I'm on an Agatha Christie kick. They're like potato chips;you can't stop reading them. BTW, Guinness Book of World Records has her sales pegged at 2 BILLION copies.....![]()
Stripped of the cunning artifices of the tailor, and standing forth in the garb of Eden - what a sorry set of round-shouldered, spindle-shanked, crane-necked varlets would civilized men appear. ~ Herman Melville
After putting it down for a while, just finished An Assembly Such As This, the first of the Fitzwilliam Darcy, Gentleman trilogy. Well done and enjoyable. Just started The Winter Queen, by Boris Akunin, the author who is a living legend in Russia. It's an easy, interesting read, and includes some great vignettes concerning late-19th century Moscow life.
1. John 3:16, 17
2. Dress to please yourself, but do take others into some consideration.
-Lee
Both of those two are my favorite of his work, by the High Window and after its not as good. I really like complicated nature of plot and all the craczy characters from Farewell, My Lovely. In particular the sequence where he goes to Amthor and then ends up in the dodgy hospital. Just brillant I thought.
"As a kid, I used to abide by the judgment of Brooks Brothers in New York. I think I'm away from that now."
-Fred Astaire
Yes I liked the Dick Powell version. I should re-watch the Robert Mitchum one I've not seen it for a long time.
"As a kid, I used to abide by the judgment of Brooks Brothers in New York. I think I'm away from that now."
-Fred Astaire
I'm reading Robert Goolrick's Heading Out to Wonderful. It's set in the postwar years in small town Virginia, and a somewhat mysterious young man, Charlie, has chosen to settle in a small town in Virginia, and neither the townspeople nor the reader knows why (at least not 102 pages in, in any case). There's a hint or two that trouble might be brewing, but until it does, I'm enjoy the small-town atmosphere, the author's way with prose and his interesting characters.
One such character, Claudie, is an eccentric woman who lives on the edge of town and is something of a miracle worker when it comes to dressmaking; there's also a striking young women (I imagine her being played by Scarlett Johansson) who was raised deep in the hills and was virtually sold to the richest man in town by her impoverished father.

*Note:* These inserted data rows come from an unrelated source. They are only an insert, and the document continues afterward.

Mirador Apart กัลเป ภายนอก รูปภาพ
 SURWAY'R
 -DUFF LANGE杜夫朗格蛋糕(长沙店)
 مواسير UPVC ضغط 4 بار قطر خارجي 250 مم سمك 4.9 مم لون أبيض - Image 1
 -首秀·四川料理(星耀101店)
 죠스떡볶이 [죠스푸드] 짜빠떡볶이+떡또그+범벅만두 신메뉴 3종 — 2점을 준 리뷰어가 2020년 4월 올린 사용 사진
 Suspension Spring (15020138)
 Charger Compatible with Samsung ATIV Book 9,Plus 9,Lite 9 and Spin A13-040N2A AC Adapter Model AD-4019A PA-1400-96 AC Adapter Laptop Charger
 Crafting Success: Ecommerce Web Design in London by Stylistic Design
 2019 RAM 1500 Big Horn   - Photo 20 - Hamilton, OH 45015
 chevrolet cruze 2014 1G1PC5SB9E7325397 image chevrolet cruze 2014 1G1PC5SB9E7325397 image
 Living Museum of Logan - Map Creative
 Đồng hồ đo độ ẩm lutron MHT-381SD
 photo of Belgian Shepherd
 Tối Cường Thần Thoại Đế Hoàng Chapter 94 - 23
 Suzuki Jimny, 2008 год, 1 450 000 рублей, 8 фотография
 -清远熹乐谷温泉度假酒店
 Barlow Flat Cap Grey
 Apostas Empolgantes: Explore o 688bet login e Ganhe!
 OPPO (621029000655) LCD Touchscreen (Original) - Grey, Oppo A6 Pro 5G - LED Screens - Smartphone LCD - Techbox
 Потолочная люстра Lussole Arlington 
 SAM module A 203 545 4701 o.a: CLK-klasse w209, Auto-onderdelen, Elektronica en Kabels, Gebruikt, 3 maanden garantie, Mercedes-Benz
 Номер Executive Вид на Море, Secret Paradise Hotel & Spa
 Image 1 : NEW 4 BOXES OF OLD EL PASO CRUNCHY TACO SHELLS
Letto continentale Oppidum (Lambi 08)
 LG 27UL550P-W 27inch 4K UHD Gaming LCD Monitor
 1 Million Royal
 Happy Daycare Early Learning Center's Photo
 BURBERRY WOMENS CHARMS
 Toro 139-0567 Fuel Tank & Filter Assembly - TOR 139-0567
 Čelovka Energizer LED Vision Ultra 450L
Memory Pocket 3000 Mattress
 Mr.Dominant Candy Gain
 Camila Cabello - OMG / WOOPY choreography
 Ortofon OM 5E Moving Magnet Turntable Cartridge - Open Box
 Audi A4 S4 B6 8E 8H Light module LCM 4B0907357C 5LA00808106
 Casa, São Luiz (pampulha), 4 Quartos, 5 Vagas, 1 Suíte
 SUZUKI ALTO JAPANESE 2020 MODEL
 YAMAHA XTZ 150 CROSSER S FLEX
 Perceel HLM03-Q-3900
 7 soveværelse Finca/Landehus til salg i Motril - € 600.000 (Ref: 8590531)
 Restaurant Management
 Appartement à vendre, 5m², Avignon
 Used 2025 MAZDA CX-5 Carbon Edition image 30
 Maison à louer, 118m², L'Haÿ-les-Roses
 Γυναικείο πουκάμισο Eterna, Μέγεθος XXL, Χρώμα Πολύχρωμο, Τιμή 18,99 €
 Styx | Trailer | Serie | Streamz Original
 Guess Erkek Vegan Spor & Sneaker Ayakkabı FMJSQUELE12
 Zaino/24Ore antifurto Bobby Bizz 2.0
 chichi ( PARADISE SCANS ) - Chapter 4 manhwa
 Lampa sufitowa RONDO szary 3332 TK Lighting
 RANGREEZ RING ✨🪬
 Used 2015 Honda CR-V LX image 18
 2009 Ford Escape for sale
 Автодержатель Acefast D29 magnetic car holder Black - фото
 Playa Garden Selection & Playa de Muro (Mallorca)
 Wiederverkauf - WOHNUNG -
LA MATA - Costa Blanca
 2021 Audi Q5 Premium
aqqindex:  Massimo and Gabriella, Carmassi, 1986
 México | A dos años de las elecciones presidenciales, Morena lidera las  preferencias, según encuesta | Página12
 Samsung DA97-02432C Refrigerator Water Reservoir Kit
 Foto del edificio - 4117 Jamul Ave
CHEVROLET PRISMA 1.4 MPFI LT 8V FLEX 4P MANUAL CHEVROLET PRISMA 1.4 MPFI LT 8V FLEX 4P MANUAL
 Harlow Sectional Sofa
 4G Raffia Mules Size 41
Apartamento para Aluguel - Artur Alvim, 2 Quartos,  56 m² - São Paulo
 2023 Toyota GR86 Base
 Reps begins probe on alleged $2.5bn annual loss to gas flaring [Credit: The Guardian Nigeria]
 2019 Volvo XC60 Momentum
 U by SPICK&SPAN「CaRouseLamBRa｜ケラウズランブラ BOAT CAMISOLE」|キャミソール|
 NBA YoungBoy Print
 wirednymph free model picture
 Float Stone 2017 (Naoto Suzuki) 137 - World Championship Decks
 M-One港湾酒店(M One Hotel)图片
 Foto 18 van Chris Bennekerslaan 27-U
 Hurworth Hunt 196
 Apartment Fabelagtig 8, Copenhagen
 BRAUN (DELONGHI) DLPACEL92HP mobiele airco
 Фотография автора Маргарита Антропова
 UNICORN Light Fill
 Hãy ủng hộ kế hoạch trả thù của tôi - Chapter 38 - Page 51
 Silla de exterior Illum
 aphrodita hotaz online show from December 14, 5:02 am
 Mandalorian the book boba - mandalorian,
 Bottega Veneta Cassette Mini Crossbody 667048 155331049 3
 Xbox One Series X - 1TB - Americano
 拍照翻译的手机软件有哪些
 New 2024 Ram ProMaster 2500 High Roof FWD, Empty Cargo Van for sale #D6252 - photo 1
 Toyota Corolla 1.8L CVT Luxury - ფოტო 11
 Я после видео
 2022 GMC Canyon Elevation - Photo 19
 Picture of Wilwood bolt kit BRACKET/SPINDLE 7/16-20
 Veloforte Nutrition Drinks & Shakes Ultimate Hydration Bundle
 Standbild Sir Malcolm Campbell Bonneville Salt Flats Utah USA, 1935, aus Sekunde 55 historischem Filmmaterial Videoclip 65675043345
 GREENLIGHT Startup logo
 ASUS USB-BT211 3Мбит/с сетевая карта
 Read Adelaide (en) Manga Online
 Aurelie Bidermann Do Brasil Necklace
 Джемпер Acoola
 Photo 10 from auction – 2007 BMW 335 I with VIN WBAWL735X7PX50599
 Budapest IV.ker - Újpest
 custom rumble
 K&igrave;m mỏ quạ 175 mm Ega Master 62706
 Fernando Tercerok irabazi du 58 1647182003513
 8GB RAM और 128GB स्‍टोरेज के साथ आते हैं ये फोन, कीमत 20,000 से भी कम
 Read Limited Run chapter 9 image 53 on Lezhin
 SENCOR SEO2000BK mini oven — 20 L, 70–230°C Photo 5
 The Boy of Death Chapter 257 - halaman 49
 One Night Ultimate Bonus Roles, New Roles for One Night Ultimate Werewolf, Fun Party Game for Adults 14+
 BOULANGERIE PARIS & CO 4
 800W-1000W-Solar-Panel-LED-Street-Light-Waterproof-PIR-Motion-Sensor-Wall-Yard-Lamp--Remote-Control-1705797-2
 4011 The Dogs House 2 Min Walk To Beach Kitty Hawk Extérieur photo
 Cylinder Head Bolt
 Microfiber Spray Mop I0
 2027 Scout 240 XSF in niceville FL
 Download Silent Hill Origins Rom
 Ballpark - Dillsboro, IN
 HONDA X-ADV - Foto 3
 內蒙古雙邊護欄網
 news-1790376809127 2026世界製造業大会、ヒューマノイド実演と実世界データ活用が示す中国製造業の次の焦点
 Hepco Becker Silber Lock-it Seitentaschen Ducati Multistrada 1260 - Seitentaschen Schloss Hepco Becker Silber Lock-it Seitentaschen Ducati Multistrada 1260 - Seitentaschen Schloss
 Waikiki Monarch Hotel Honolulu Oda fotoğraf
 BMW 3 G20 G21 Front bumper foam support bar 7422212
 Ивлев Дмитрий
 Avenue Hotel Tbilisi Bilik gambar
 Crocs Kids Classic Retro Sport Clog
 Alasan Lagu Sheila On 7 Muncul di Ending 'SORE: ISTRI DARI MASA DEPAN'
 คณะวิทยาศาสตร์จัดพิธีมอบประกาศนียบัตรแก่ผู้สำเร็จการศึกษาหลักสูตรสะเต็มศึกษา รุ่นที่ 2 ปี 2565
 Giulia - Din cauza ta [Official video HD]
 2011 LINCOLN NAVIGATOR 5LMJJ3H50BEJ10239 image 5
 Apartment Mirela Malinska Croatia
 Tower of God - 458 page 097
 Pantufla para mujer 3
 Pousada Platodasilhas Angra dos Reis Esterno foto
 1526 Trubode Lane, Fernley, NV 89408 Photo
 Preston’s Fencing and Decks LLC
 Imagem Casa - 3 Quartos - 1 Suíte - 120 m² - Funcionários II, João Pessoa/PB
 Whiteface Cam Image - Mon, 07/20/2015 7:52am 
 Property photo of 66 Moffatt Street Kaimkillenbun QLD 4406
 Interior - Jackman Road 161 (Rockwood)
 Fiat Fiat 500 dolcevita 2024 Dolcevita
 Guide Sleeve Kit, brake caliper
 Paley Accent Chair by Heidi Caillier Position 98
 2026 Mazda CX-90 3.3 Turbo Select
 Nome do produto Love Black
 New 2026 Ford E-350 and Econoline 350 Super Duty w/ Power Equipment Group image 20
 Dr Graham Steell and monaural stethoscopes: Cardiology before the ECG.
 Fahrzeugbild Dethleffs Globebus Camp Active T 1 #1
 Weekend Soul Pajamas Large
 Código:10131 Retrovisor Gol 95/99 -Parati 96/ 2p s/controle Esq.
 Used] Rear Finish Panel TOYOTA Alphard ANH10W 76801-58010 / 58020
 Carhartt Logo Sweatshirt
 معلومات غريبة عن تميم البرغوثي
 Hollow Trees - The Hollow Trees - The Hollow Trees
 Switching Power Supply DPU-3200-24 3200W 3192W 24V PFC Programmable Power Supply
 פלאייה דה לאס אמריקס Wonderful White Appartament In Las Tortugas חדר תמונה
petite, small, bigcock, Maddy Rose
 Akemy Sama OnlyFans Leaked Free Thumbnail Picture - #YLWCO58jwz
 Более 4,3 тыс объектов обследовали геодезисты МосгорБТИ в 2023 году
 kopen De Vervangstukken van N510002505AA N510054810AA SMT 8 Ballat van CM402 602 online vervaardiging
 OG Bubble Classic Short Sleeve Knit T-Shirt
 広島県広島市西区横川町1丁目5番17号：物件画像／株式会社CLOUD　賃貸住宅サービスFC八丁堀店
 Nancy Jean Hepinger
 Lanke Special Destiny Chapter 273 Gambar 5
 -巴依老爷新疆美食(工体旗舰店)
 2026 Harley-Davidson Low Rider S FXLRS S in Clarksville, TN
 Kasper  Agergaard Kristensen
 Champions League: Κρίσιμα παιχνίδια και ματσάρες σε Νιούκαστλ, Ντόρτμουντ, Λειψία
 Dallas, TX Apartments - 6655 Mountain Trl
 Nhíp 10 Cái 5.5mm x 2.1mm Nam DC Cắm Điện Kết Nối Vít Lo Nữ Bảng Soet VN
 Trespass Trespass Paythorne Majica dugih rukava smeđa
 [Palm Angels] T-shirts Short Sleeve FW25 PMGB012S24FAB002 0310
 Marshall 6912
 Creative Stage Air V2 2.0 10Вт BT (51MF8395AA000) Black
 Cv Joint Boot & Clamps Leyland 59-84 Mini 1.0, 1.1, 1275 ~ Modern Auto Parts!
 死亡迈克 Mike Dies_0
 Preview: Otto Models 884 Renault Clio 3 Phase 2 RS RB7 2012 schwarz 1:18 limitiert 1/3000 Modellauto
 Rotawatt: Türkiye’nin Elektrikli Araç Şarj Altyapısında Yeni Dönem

This character, Sylvan, longs to live the life she sees depicted in the movies. To that end, she has lost her hillbilly dialect by listening for hours on end to the radio ("The Loves of Helen Trent" is a particularly strong influence on her).
I suspect Sylvan may prove to be Charlie's downfall (or he hers), but that's only conjecture.
Anyway, there's lots of period detail and the author has a literary (but not overbearingly so) style that is pleasing. I recommend it as at least a library title, and it might even be worth purchasing to some here.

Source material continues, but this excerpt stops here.